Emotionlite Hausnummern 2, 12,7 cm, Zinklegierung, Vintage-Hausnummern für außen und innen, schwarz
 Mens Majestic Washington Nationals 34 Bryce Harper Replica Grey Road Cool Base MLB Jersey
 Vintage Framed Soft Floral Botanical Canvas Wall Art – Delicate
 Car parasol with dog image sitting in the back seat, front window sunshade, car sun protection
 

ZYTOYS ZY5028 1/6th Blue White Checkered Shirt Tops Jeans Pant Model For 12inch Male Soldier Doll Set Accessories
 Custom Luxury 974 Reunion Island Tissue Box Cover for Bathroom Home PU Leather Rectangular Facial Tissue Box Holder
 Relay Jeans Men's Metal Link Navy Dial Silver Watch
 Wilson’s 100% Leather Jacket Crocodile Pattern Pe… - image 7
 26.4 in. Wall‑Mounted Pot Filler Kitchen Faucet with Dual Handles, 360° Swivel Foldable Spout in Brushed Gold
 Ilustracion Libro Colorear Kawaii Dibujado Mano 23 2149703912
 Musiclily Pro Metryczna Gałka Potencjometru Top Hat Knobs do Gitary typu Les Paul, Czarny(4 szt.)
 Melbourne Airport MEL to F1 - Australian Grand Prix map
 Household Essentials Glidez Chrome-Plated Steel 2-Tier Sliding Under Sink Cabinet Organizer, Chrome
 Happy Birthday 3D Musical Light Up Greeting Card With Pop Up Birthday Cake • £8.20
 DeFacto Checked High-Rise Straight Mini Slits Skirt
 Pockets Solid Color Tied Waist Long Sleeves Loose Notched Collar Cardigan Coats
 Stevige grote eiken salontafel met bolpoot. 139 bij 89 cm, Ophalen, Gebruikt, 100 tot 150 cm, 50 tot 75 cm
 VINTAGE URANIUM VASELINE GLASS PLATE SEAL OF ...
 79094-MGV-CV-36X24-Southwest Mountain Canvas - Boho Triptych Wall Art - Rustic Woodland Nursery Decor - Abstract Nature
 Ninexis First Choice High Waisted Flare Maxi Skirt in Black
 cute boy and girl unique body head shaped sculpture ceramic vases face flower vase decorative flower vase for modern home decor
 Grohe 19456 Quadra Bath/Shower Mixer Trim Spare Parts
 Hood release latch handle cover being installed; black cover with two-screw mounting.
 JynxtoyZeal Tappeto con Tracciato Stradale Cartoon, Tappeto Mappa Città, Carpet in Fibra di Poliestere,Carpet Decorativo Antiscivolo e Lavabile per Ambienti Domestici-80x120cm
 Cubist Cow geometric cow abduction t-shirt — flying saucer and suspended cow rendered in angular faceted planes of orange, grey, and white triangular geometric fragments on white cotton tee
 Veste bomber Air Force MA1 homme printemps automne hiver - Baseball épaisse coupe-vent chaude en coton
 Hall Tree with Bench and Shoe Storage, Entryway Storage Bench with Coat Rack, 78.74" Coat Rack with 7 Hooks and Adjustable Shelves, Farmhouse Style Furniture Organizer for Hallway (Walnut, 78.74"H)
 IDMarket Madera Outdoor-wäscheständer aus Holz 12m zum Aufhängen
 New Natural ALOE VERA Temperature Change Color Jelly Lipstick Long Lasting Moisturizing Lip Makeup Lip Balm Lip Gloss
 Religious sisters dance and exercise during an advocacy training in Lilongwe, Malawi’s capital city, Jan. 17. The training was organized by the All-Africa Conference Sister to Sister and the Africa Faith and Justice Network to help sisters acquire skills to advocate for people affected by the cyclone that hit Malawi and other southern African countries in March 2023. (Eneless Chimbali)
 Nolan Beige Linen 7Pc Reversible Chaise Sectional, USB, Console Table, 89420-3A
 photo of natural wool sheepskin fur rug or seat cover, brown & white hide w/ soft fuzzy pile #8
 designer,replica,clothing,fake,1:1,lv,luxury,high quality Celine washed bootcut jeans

▶ **TASK PROMPT**
Throughout the material above, report each line holding the word "seat".

▶ **TASK ANSWER**
 Car parasol with dog image sitting in the back seat, front window sunshade, car sun protection
 photo of natural wool sheepskin fur rug or seat cover, brown & white hide w/ soft fuzzy pile #8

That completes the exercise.